Chris Roma grew up in the shadow of the White Mountains. He knew the trails intimately and had hiked them in all kinds of conditions.
But nothing in the forecast prepared him for what he encountered on the grueling Pemi Loop Trail 12 days ago.
When a sudden storm blew in, with near-hurricane-force winds and chest-deep snowdrifts, Roma fought to get back to the one thing that meant more to him than his beloved mountains: his 2-year-old son, Solomon.
Roma, 37, perished on Jan. 17, despite his own efforts and heroic attempts by rescuers on the ground and in the air to save his life.
In the days since, those who loved him have focused not on how he died but on how he lived — with passion, joy and love.
“Chris saw life through a different lens,” said Correy Hart, Roma’s best friend for more than 30 years.
Hart said his friend “loved and cared about everybody.”
“His own happiness was built off other people’s happiness,” he said. “He was a giver.”
They met when they played on rival basketball teams in elementary school — Roma in Thornton and Hart at Lin-Wood. The two stayed friends through high school, and they went to college together at NHTI.
Even after Roma moved to Florida for a while, they stayed close. “It was a bond that never broke,” Hart said. “We were brothers.”
His Zen
Growing up, Chris Roma was a gifted athlete, excelling at whatever sport he tried, friends said.
But it was after a serious motorcycle crash about 10 years ago that he found his passion for thru-hiking — long distance backpacking treks that would take him from one end of this country to the other.
The crash changed his life, friends said. “He started to appreciate things a lot more,” Hart said. “That’s when he got into hiking.”
Roma became an elite thru-hiker, conquering some of the most rigorous trails in America.
Thru-hikers earn a trail name. You can’t choose your own; it’s given to you by others.
Roma’s was Rafiki, the name of the mystical mandrill guide in “The Lion King.”
Friends say it was apt.
“He had this kind of spiritual connection to nature,” said Lillian Nemeth, a lifelong friend of Chris and his younger sister, Megan. “It empowered him, being in nature.
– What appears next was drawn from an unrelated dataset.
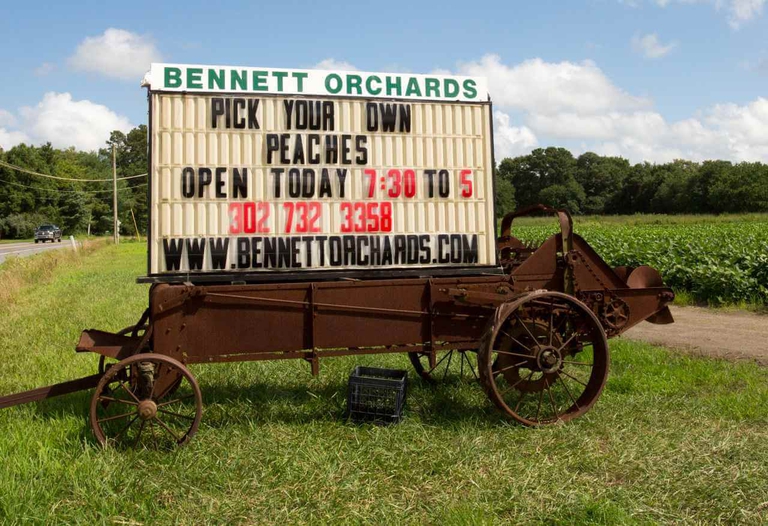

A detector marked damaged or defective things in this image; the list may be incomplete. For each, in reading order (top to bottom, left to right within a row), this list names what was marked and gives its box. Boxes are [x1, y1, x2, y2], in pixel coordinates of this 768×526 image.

rusty metal wagon [0, 205, 672, 450]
That was a big piece of why he was out hiking that day.
“That was his Zen.”
It took Chris Roma just three years to complete the so-called Triple Crown of thru-hiking, Hart said. He hiked the Pacific Crest Trail, from Mexico to Canada, in 2016 in 162 days. The following year, he finished the Continental Divide Trail from Montana to New Mexico in 108 days, and in 2018, he completed the Appalachian Trail in 99 days. He did the Pacific Coast Trail again in 2020 in just 134 days.
For most hikers, climbing New Hampshire’s 48 4,000-foot peaks is a bucket-list goal to accomplish over a lifetime. For the best, the challenge is to hike all 48 in a continuous route; it’s called the Direttissima.
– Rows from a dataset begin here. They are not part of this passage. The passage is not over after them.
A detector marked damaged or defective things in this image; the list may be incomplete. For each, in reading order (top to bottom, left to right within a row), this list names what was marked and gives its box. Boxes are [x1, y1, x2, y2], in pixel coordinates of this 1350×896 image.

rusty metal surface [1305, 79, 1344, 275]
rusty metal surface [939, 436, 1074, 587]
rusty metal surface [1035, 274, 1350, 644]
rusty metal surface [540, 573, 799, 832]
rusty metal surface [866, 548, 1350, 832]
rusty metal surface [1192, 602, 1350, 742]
Last year, Chris did it in just over 10 days.
It wasn’t just his hiking prowess that drew people to Roma, Hart said. “You could be in a room with Chris and his energy would just light up the whole room,” he said. “It was so warm and inviting and loving.”
Miscalculation
The Pemi Loop, traversing eight summits, is a rigorous hike on the most favorable of days — it’s No. 2 on Backpacker magazine’s list of “America’s hardest day hikes.”
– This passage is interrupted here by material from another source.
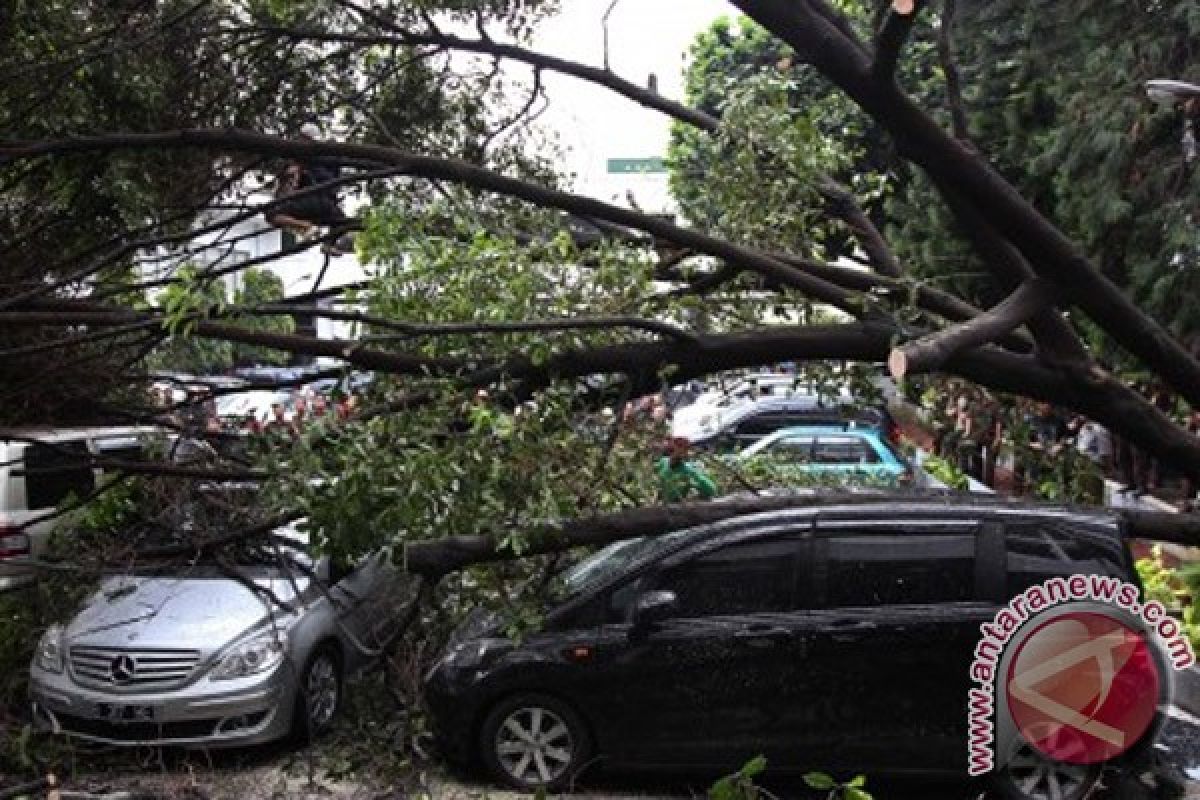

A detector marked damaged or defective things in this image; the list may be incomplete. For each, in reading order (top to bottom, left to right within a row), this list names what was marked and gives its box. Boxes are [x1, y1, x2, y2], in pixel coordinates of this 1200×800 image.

“Be ready for dazzling views and pitiless winds above treeline and go hard; even if you’ve lucked into a tailwind, this is likely a 16-hour trek, with miles of jouncing descent on shaky legs in the dark, even on summer’s longest days,” the magazine warns.
Chris Roma was no stranger to the Pemi Loop, having done it many times. He was dressed for ice and snow conditions when he left on Jan. 16, with microspikes and warm clothing. But he was traveling light, without snowshoes or a tent, so he could move quickly.
He started at 4 a.m. and planned to be out by 8 p.m., according to New Hampshire Fish and Game Lt. James Kneeland, who oversaw the rescue operation.
“Based on that, he was looking to average two miles an hour, when in essence, when he was 20 hours into it, he had averaged a mile or less an hour,” Kneeland said.
The snow was light but it was blowing around a lot and adding up quickly, Kneeland said. “Some of the drifts were waist- or chest-deep high,” he said.
Late Tuesday night, Roma called a hiking buddy, who called 911 to report that the hiker was in trouble. Later that night, Roma managed to place his own 911 call, which allowed rescuers to pinpoint his location, on the Bond Cliff Trail between Mount Bond and Mount Guyot.
The next morning, Roma got through by phone again, and Kneeland spoke with him briefly.
Kneeland tried to be “as upbeat as possible,” he said.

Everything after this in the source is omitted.